The disinflation story is still intact
Q1 of 2024 has seen a slight reacceleration in inflation data in the US on a month on month basis, which has brought some market participants to question whether the disinflation story is still intact.
Q1 of 2024 has seen a slight reacceleration in inflation data in the US on a month on month basis, which has brought some market participants to question whether the disinflation story is still intact.
This is a matter of US exceptionalism. Core inflation numbers continue to show disinflation if not outright deflation in the Eurozone, the UK and China when looking at the last six months.
In the US however, core PCE and especially core CPI have seen a more notable reacceleration in recent months. For the moment we would tend to fade this uptick. The first quarter of the year is notoriously affected by residual seasonality in inflation data. Real inventories in core goods remain quite meaningful from a historical perspective, suggesting that there might still be some disinflation from that portion of the basket. The real driving force remains services however and especially shelter. Many measures of new rents are back to pre-COVID levels when looking at YoY growth and some measures are even in outright deflation territory. Admittedly shelter CPI is taking longer than expected to reflect this, but we still believe that we will ultimately see lower shelter CPI at some point. Outside shelter, the aforementioned softening in the labour market we envision makes us confident that we should see a slowdown in wages. A number of wage tracking indices that we follow appear to show wage growth gradually heading back to levels more commensurate to a 2% inflation world.
Investment implications
Notwithstanding the above, the overall level of yield provides a decent cushion which will support total returns even in an environment of higher spread volatility especially within investment grade, where strong investor demand to lock-in yields has been a key supporting factor. More recently, high yield markets started to see an increase in investor demand as well.
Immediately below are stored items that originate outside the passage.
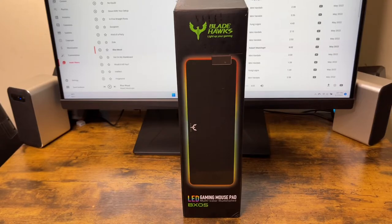Hey, what's good everybody, how are y'all doing today? Today I'm just going to do an unboxing of another gaming mousepad and this one is made by Bladehawks.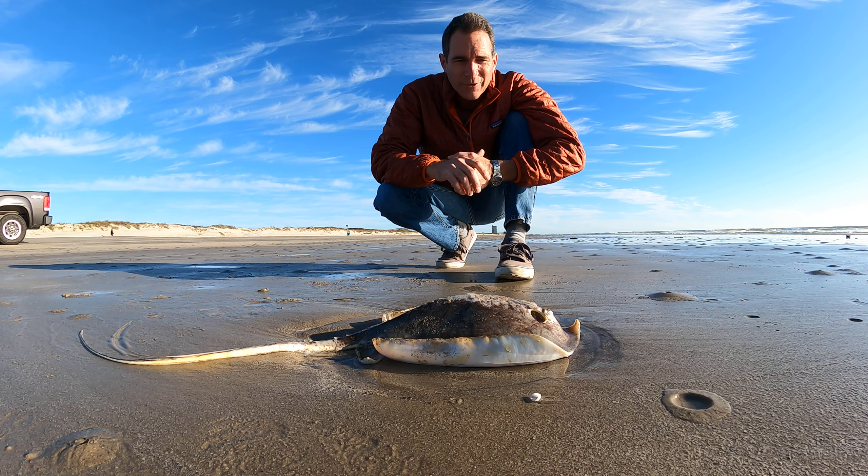A couple of interesting things — they feed on clams and things living on the ground; we call those benthic organisms. Things that prey on them are like sharks. There's several species of sharks that eat these.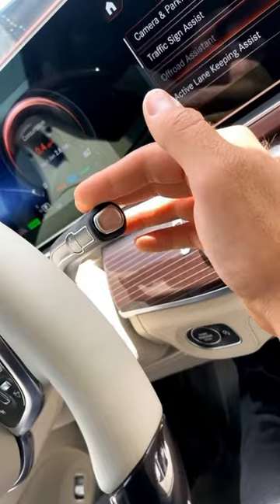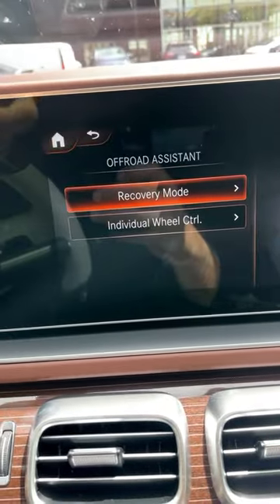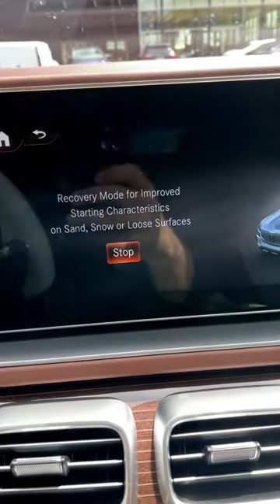You go to the assistance tab, and make sure you're in drive. Off-road assistance will no longer be grayed out. And then you go into recovery mode, and then you just press start.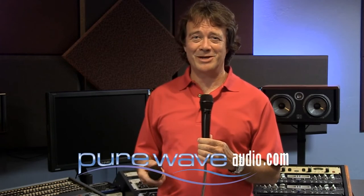The SR40V wired version streets out at about $999. The wireless capsule, the WL40V, works with Shure, Electrosonics, Line 6, and anyone else with this type of thread and connector, and has a street price of $899. Please take a look at it and talk to the professionals at PureWave Audio — they'll be glad to tell you all about it. They're experts on Earthworks products. Thank you very much.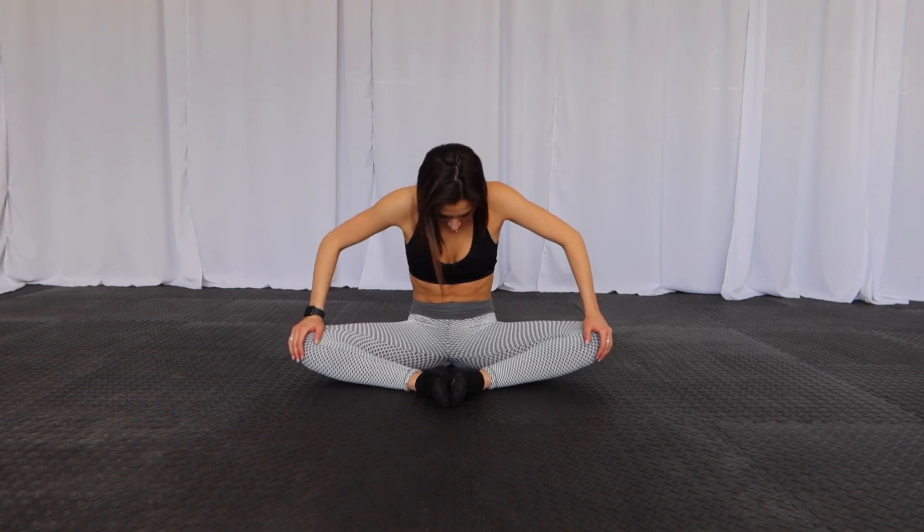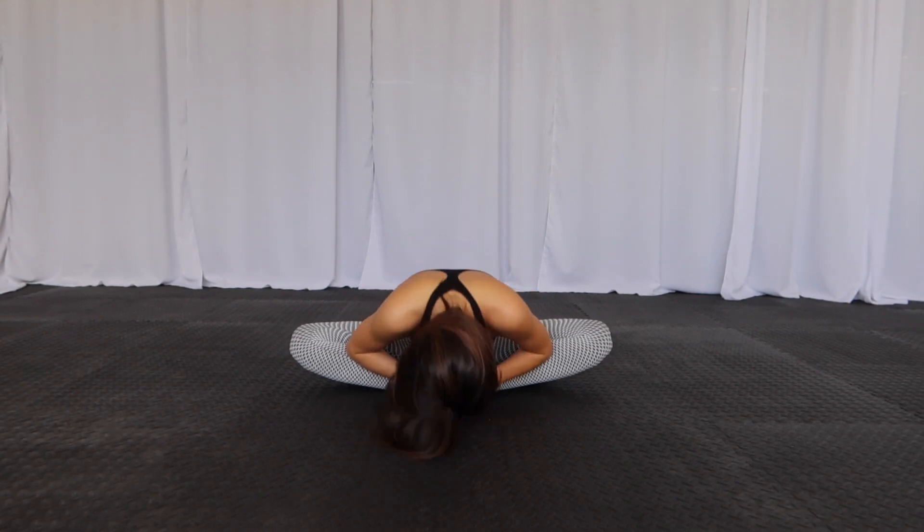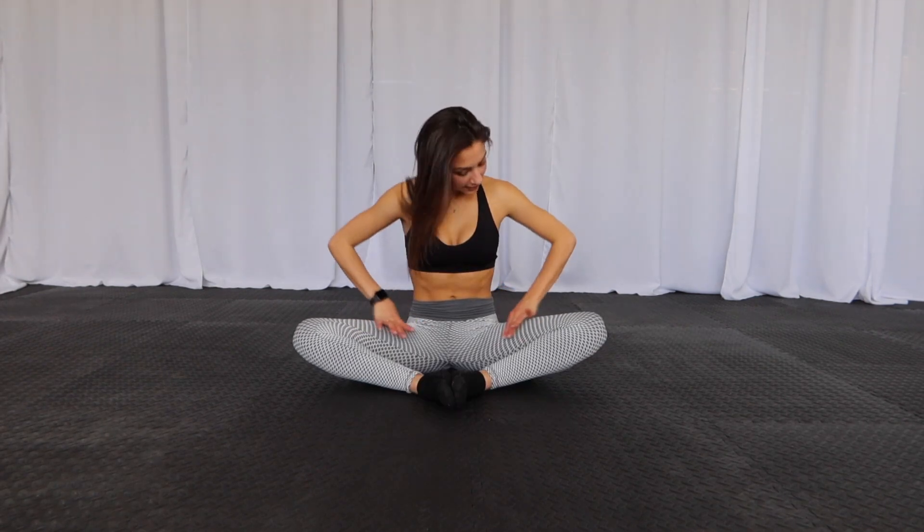Next one — we've all done this one. Just butterfly. You're going to come back. You might be like this, and that's okay. You can just kind of bounce your knees down — you'll feel it again in the hip. Just kind of relax. You can lean forward if you'd like, or use your elbows to push your knees further down. Hang out. I don't enjoy this one that much personally, so I always bounce in it — I just feel like it's more entertaining and feels better.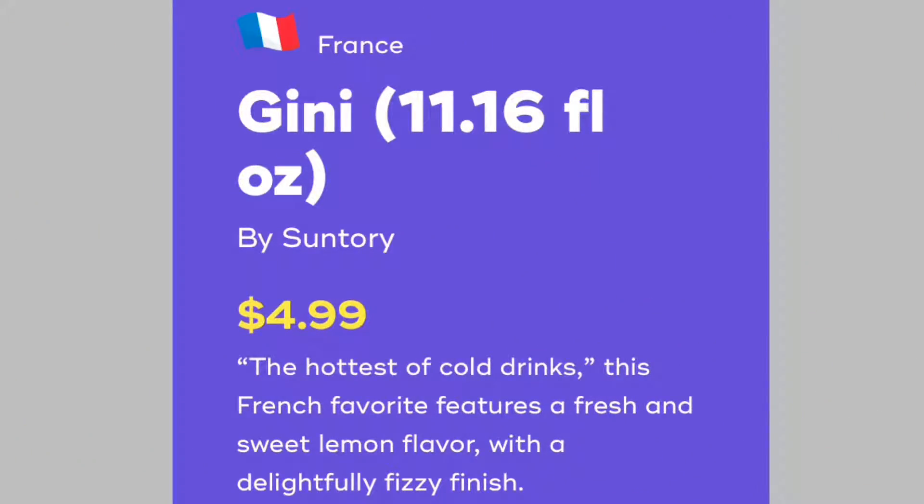I love bubble wrap — they got this thing wrapped in bubble wrap! Jenny Jenny Jenny — lemon! So citrus. This has been like a citrus box, with citrus and chocolate. Give me lime soda. We have a glass with a giant ice cube in it — a bourbon cube. It smells like lemon lime. It's Squirt! It's Squirt with a little less carbonation and a little less of that grapefruit bite. Jenny — the hottest of cold drinks. This French favorite features a fresh and sweet lemon flavor with a delightfully fizzy finish. I enjoyed it!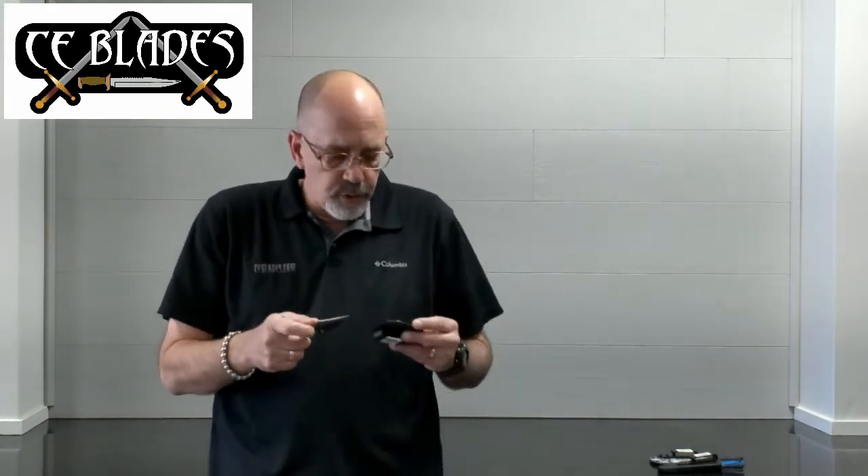In closing, we're going to have these up on our website, ceblades.com. We also have a variety of this work split between our two stores — the South Plains Mall Cutting Edge Gifts and our CE Blades location here in Lubbock, Texas. If you have any questions, drop us an email or send us a message on our Facebook page and we'd be happy to answer them for you. So once again, Mickey Yurko, Knife Maker Spotlight — one of my favorite knife makers on the planet. We hope you really like this video, thank you very much.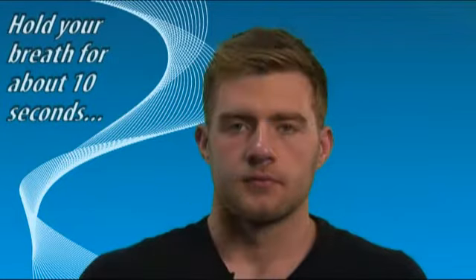Breathe in steadily through the mouthpiece. Don't stop breathing when the inhaler puffs, and continue taking a really deep breath. Hold the breath for about 10 seconds.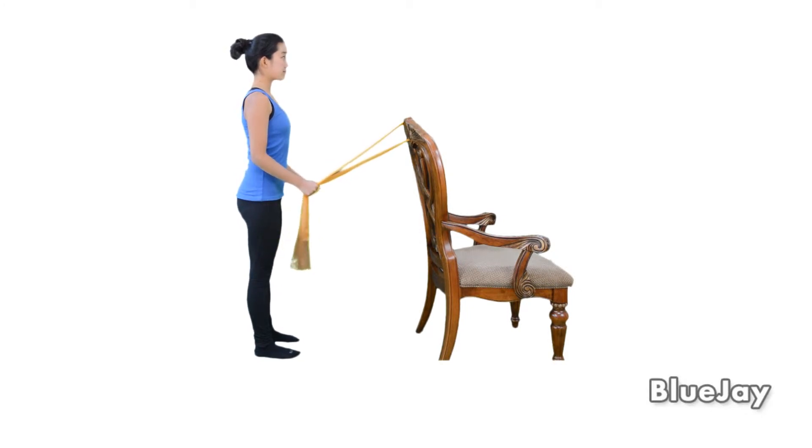Straighten your elbows by pulling the band towards the floor. Then return to the starting position and repeat five times or as directed.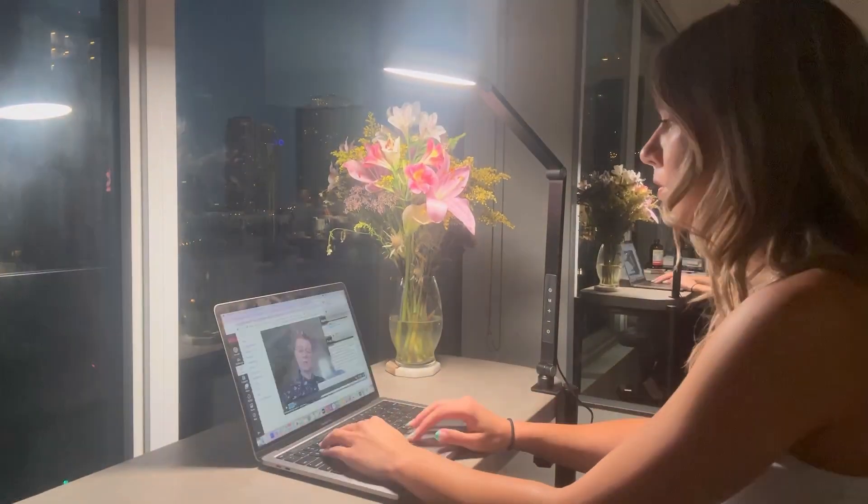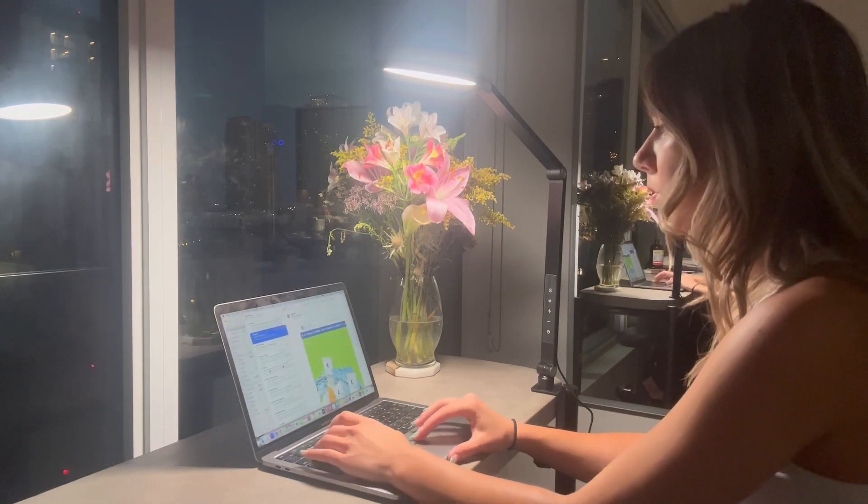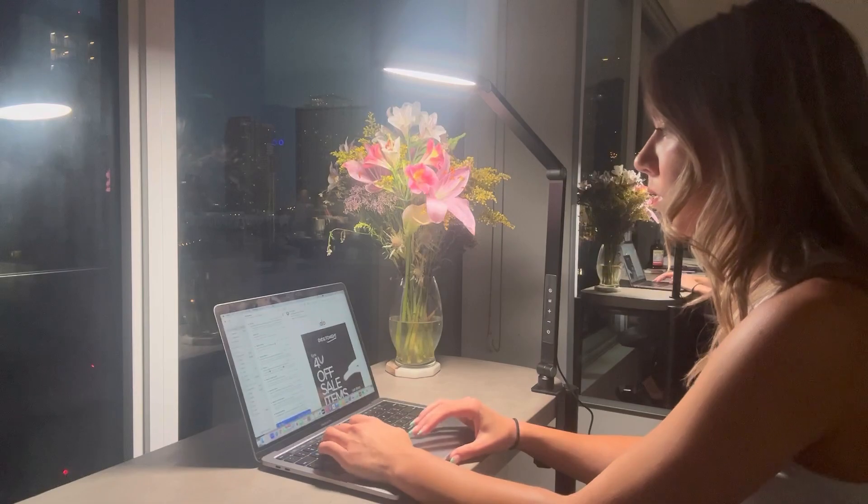I'm going to show you guys what it looks like in the dark. I'm so happy with this lamp — it honestly works so well and it's very convenient, easy to move around, and adjustable to any desk. If you're looking for a desk lamp, I really recommend you check this one out.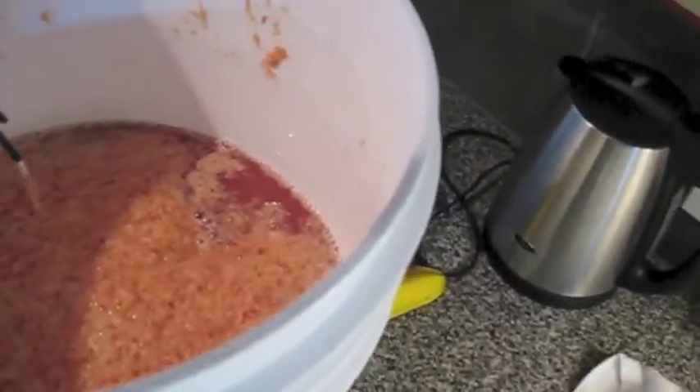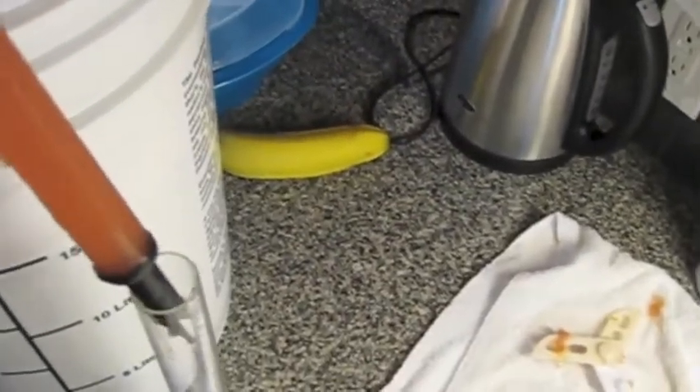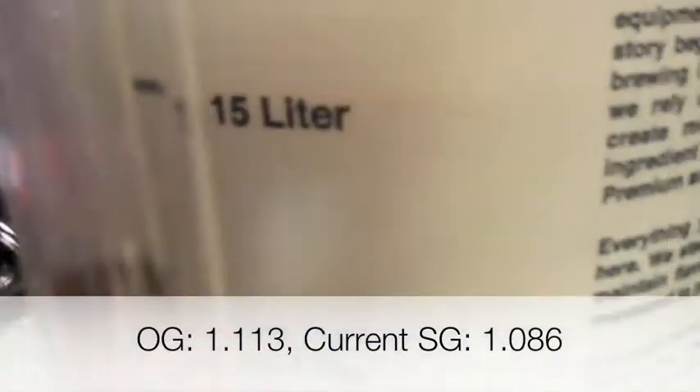That's a nice lovely must in there. And there we go — 1.086. So I will write it in my notes here: 1.086.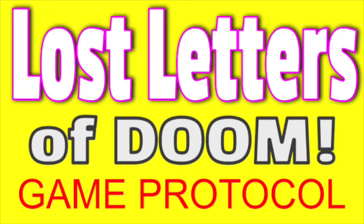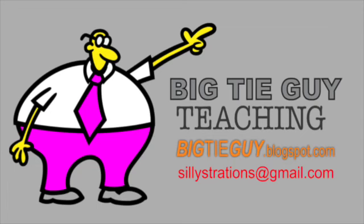This is an amazing game for teachers out there. I call it the Lost Letters of Doom. It is so easy to teach kids how to play this game, so I call it a game protocol. That's where you teach the kids, you model for it, you show them how to play, they can be really creative, and they can use the game again and again and again throughout the year.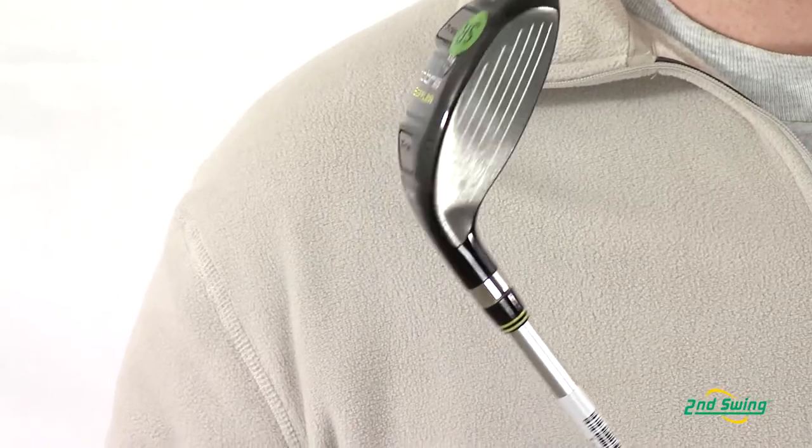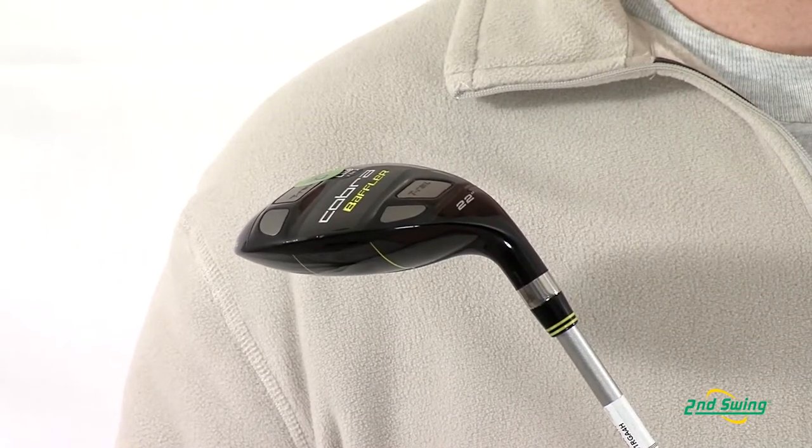The Cobra Baffler T-Rail offers a shallow face for greater ball speed and higher trajectory. In this model, Cobra has moved the center of gravity weights lower and deeper for added forgiveness for all players.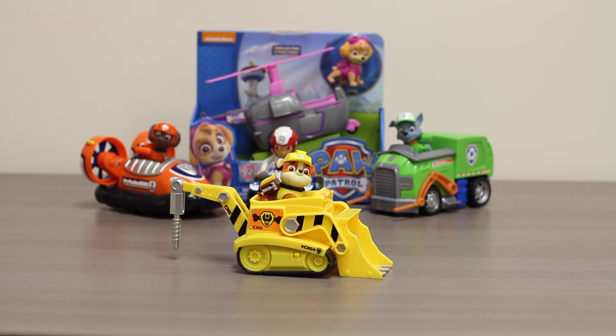Thanks for watching another super exciting Outrageous Toy Review. Check back to watch more videos.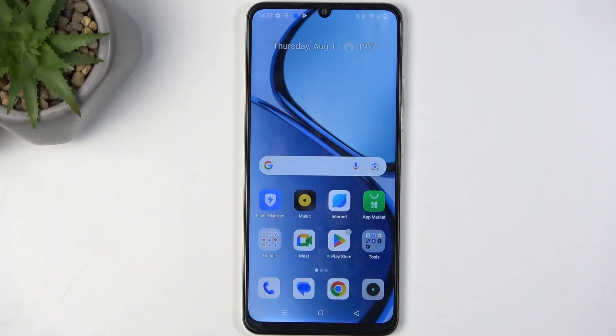Welcome. This is the Infinix C61, and today I will show you how you can enable and set up your portable hotspot.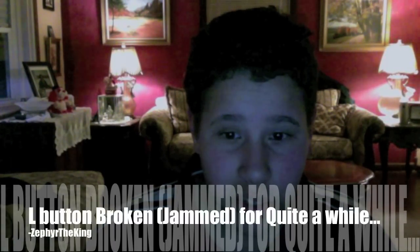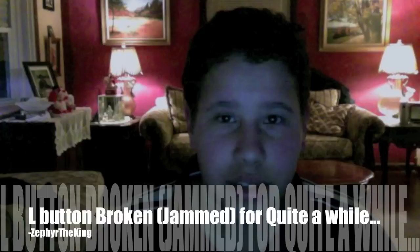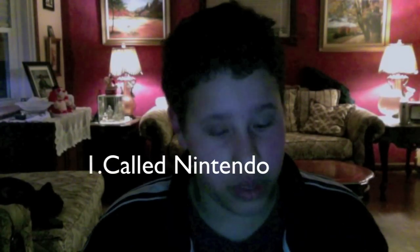Hey guys, Marcos here. I basically just fixed my 3DS — the L button and the R button were sort of jammed in; I could not get them to work at all. I have the red one. What I did was I called Nintendo and they really gave me a big help.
We see dispersion across regions, rating segments and sectors. In particular, the lower quality segment of the European HY market continues to be out of sync with the rest of the market, but the aforementioned idiosyncratic stories might have played a key role in keeping spreads wider here.
Considering our outlook, we continue to see value in more defensive sectors such as telecommunications, healthcare, consumer staples and selectively across financials, where relatively short call CoCos can provide some very compelling risk – adjusted yield (although the trade has already partially played out in Q1). We see weakness ahead in more cyclical sectors (e.g. chemicals) or in areas more exposed to consumer behaviour (e.g. automotive, retail).
Emerging markets can offer some interesting stories in the corporate space, but it’s mostly about single names in major countries (e.g. Brazil, Czech Republic) rather than broad attractiveness for the asset class.
We remain prudent in the FX space, keeping exposure only in those areas where we find clear justification in terms of outstanding real yield (e.g. Brazil) or a strong economy and supportive technicals (e.g. India). We keep a constructive stance on the USD.